I think all of this code should be made constexpr - since it's all information that we know at compile-time. The T and U in one of your function variants are ambiguous. Give them more specific names? I suggest we don't use std::string's, but rather a string_view (or a char* and size_t pair in C++11) as the target buffer. We have rather expensive string concatenations in our code, that's true - but that only happens when handling errors. ... actually, we may want to have a "poor man's span" structure with just those two fields Same point about the inputs. So, something like: template <typename Function> mangle_function(dylib::detail_::poor_span mangled_name, dylib::detail_::poor_span function_name)` TemplateMangle - what exactly does it mangle? It seems like it mangles the name of a type, right? Then better call it mangle_type(). Or perhaps just mangle(). Don't use the same string literal in multiple places.

You're right, but currently I prefer to focus on making the proof of concept work

Have you checked this against the Itanium ABI document to make sure it's valid?
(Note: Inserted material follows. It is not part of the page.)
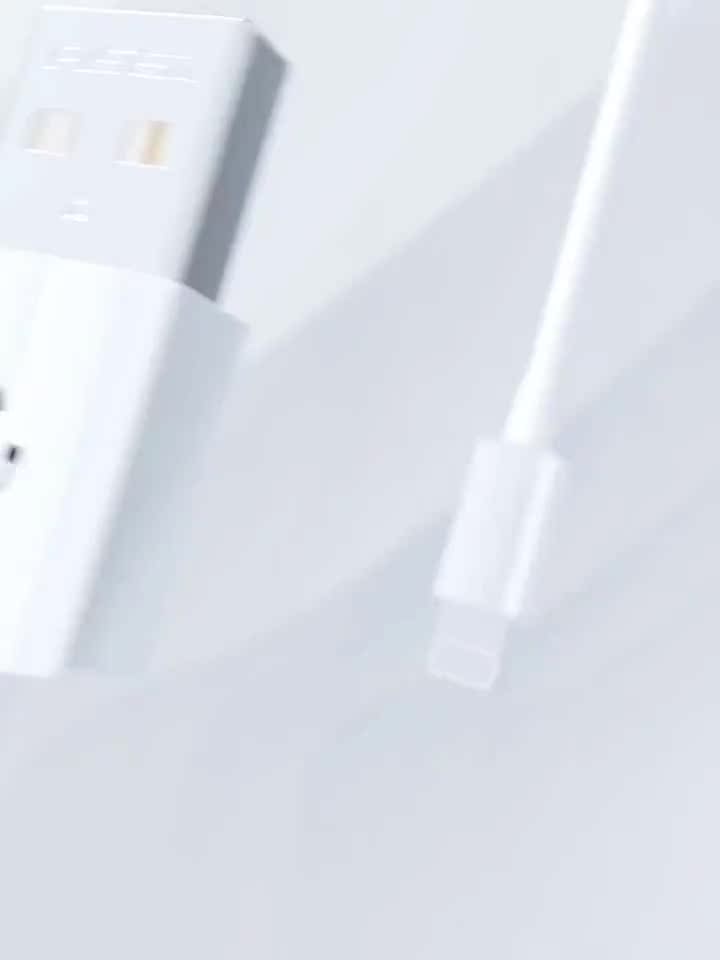 此线30块都不到。苹果所有部家桶充电+传记录、一根完成还不会炸？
That should also get you going with namespace and pointers.

Yes, i'm using this document to implement the feature

What about mangling a variable?

The following code mangles namespaced varibles on unix :

class dylib { 
private:
    static std::vector<std::string> string_to_vector(const std::string &str, const char *delimiters) {
        std::vector<std::string> tokens;
        std::string::size_type lastPos = str.find_first_not_of(delimiters, 0);
        std::string::size_type pos = str.find_first_of(delimiters, lastPos);
        while (std::string::npos != pos || std::string::npos != lastPos) {
            tokens.push_back(str.substr(lastPos, pos - lastPos));
            lastPos = str.find_first_not_of(delimiters, pos);
            pos = str.find_first_of(delimiters, lastPos);
        }
        return tokens;
    }

    static std::string mangle_variable(const std::string &name) {
        if (name.find("::") == std::string::npos)
            return name;
        auto ns_list = string_to_vector(name, "::");
        if (ns_list.size() == 1)
            return ns_list.front();
        std::string mangled = "_ZN";
        for (auto &ns : ns_list)
            mangled += std::to_string(ns.size()) + ns;
        return mangled + 'E';
    }
}

martin-olivier avatar Jun 05 '22 16:06 martin-olivier

I think you may be misusing the delimiters parameter... it takes several chars, each of which is a delimited.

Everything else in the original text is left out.